Like the US federal excise tax on gasoline, which goes directly to highway funding and nowhere else, the dedicated BBC funding is free from political manipulation.
While the BBC may be affected by broader neoliberal cultural pressures from it's well-off yuppie directors, it is immune to government as well as corporate pressure to a degree that impossible to conceive in the US advertiser-paid media. It still regularly produces news programming that one would never, ever see in the US corporate news media, like the series "The Power of Nightmares" and an earlier one (forgot the name) on Bernays, Lippman, and the rise of the psychology based PR industry.
By, "forced", I mean people in the UK often end up paying the TV tax even if they do NOT have a TV. People are taxed the TV tax, "just in case" at some point later on, you do buy one.
And please stop bringing the Rand strawman into this. One can be suspicious of concentration of power in any body, whether it be government, corporations, etc, yet still at the same time not be a Randian "there is no such thing as society", "death to all government" lunatic.
"Like the US federal excise tax on gasoline, which goes directly to highway funding and nowhere else, the dedicated BBC funding is free from political manipulation."
No it isn't. You are deluding yourself if you believe that the BBC is not subject to governmental pressures. Who do you think comes up with the rules governing the behaviour of the BBC?

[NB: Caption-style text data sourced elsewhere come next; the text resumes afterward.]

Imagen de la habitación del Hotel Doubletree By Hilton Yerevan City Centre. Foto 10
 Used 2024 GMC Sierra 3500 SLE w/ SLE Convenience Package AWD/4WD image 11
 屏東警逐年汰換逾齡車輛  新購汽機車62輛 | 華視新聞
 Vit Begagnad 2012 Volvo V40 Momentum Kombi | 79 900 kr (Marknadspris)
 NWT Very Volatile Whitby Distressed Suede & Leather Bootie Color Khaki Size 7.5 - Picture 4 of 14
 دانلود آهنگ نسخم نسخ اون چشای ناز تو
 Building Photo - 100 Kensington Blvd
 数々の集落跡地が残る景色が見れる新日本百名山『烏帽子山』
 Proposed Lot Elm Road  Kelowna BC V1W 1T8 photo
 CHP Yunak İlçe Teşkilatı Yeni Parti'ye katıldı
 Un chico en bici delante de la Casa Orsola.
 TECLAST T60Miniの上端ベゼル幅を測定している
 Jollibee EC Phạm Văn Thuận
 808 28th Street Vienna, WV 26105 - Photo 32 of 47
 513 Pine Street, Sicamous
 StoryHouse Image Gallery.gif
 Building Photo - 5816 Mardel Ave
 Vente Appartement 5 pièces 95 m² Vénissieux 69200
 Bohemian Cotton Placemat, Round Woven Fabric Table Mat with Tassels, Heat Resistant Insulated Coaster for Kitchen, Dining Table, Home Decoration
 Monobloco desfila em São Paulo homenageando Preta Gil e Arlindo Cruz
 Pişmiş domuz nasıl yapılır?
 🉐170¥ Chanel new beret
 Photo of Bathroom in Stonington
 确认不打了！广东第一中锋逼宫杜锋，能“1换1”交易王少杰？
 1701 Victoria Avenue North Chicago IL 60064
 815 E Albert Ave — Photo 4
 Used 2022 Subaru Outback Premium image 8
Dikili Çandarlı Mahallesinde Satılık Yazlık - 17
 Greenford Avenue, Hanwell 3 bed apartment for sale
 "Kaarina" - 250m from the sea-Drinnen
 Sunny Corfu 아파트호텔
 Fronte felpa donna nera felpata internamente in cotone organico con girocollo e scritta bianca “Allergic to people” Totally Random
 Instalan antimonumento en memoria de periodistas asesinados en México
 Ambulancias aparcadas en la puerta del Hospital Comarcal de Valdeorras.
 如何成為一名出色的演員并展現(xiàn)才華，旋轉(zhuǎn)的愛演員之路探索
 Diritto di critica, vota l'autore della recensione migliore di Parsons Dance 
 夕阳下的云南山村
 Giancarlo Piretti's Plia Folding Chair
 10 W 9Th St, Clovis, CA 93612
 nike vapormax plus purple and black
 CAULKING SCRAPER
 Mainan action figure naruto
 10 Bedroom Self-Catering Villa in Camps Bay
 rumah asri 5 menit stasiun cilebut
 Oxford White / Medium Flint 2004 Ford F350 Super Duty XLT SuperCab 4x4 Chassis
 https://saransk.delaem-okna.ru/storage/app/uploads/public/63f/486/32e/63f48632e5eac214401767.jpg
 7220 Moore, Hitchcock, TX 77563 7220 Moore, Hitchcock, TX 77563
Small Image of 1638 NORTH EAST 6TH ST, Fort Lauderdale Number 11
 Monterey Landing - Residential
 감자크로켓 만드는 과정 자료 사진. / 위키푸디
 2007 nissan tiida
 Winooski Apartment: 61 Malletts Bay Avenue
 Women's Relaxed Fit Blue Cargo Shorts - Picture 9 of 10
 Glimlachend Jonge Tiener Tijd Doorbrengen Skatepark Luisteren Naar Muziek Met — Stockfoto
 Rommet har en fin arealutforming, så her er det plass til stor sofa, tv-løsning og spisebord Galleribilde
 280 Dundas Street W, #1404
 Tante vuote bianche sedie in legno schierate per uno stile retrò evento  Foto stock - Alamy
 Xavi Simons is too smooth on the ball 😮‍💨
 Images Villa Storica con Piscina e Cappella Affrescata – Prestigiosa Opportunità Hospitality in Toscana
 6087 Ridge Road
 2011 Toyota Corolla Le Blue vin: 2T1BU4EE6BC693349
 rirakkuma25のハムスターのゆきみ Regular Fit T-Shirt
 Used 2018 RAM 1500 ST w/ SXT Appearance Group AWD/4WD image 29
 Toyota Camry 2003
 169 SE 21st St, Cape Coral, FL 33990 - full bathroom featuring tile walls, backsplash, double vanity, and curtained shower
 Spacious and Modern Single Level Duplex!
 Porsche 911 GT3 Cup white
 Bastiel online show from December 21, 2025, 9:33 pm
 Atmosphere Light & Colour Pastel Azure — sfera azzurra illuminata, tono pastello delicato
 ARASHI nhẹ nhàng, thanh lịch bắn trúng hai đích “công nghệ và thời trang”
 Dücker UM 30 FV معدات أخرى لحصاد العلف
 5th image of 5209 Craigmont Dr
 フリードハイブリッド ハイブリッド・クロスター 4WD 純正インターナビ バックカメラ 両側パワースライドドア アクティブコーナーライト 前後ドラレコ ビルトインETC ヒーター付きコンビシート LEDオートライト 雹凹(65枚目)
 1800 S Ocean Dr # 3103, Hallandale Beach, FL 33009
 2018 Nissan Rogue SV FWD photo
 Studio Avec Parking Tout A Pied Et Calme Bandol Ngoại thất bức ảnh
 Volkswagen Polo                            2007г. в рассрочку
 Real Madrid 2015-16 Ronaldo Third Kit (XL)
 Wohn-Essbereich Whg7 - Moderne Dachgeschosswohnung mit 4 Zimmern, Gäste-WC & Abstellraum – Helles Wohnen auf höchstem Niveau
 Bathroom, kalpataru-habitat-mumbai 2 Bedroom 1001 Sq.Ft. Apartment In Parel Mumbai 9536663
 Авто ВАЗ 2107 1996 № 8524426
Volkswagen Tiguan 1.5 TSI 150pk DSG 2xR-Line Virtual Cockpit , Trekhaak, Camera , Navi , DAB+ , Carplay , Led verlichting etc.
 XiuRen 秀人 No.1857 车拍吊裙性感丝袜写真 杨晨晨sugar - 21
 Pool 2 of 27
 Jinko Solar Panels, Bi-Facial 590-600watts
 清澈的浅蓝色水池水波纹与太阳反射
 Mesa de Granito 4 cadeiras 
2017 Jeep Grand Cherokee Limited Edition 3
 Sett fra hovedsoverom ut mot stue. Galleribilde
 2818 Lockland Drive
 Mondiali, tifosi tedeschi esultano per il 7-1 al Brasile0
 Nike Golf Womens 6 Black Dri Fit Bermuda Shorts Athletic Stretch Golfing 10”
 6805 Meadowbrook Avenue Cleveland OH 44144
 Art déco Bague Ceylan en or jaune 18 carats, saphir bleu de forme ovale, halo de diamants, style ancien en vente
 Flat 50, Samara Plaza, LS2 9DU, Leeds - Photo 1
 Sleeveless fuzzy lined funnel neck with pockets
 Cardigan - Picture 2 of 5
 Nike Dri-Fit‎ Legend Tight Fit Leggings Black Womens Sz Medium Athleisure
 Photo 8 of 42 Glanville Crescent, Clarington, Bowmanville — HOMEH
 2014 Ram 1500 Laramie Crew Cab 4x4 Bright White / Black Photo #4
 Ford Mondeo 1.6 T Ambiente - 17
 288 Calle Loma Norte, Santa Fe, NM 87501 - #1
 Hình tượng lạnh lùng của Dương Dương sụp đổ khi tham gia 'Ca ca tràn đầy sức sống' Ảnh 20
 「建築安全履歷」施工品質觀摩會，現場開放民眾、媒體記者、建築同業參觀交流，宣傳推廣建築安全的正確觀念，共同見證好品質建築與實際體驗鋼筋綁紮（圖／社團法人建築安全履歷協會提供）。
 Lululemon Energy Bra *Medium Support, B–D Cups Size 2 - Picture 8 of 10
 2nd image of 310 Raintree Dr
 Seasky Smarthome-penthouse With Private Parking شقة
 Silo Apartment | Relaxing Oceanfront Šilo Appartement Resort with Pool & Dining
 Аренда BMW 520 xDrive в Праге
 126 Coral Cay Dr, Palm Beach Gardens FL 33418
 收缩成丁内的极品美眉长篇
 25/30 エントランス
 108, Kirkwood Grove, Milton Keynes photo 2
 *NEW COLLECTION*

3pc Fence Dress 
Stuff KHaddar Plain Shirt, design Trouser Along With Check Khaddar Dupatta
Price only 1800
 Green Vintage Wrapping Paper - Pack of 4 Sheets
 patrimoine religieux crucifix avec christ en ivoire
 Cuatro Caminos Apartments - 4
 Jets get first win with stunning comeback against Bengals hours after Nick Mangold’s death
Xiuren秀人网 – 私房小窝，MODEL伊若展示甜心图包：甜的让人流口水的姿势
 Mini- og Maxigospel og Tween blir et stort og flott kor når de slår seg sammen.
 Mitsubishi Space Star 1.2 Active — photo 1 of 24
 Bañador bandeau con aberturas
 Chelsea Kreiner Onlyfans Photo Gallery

"While the BBC may be affected by broader neoliberal cultural pressures from it's well-off yuppie directors, it is immune to government as well as corporate pressure to a degree that impossible to conceive in the US advertiser-paid media. It still regularly produces news programming that one would never, ever see in the US corporate news media, like the series "The Power of Nightmares" and an earlier one (forgot the name) on Bernays, Lippman, and the rise of the psychology based PR industry."
I'm not saying that the BBC is useless. It has its uses. Critiquing the government, holding up an unflinching mirror to society, even if society hates what the mirror is showing, is generally not one of those uses. The BBC has been a day late and a dollar short and many of the issues relating to the use of power of the UK government. Issues that have been reported by both the left and right wing press, by liberals, progressives, conservatives, by normal citizens carrying videocameras, by normal citizens writing on blogs, etc.
I'm disagreeing with your belief that a government funded public broadcaster is a great solution.
Matangicita, mentions Open Source, as in Indy-Media or Wikipedia.
All the media outlet needs to know is, is this source reliable.
Why not use news sources who are actually in the middle of the news story?
Their credibility will be proven by time so the outlet is off the hook is it's sources fabricate something. Heaven forbid like they aren't fabricating NOW!
What they need to do is stand up for the truth.
If they want the advantage than hire professionals like Robert Fisk and pay them well, instead of the will paid flunkies that repeat propaganda.
If there are zombie banks, there are also zombie media. The MSM blew its brains out more than three decades ago when they put the double barreled Reagan shotgun in their mouths and gleefully pulled the trigger. They then rose, headless, from the dead and started feeding on the truth, sucking it up through the bloody, shredded stump of their neck . . . and have ever since. If there is any group of people who deserve to accompany George Wanker Bush and Cheesedick Cheney to the inner sanctums of Hell, it's the MSM!
The economy must be one factor on why newspapers aren't making it anymore.
Who wants to spend a dollar for a daily paper? Or much more to subscribe and then have a GIANT stack of newsprint- mostly advertising- to have to recycle every month?
For me, besides not trusting the content- it's also the dang ads.
I've given up on the daily papers- I subscribe to alt journals, read the articles I want online and go to the library- another essential democratic institution that is horribly underfunded.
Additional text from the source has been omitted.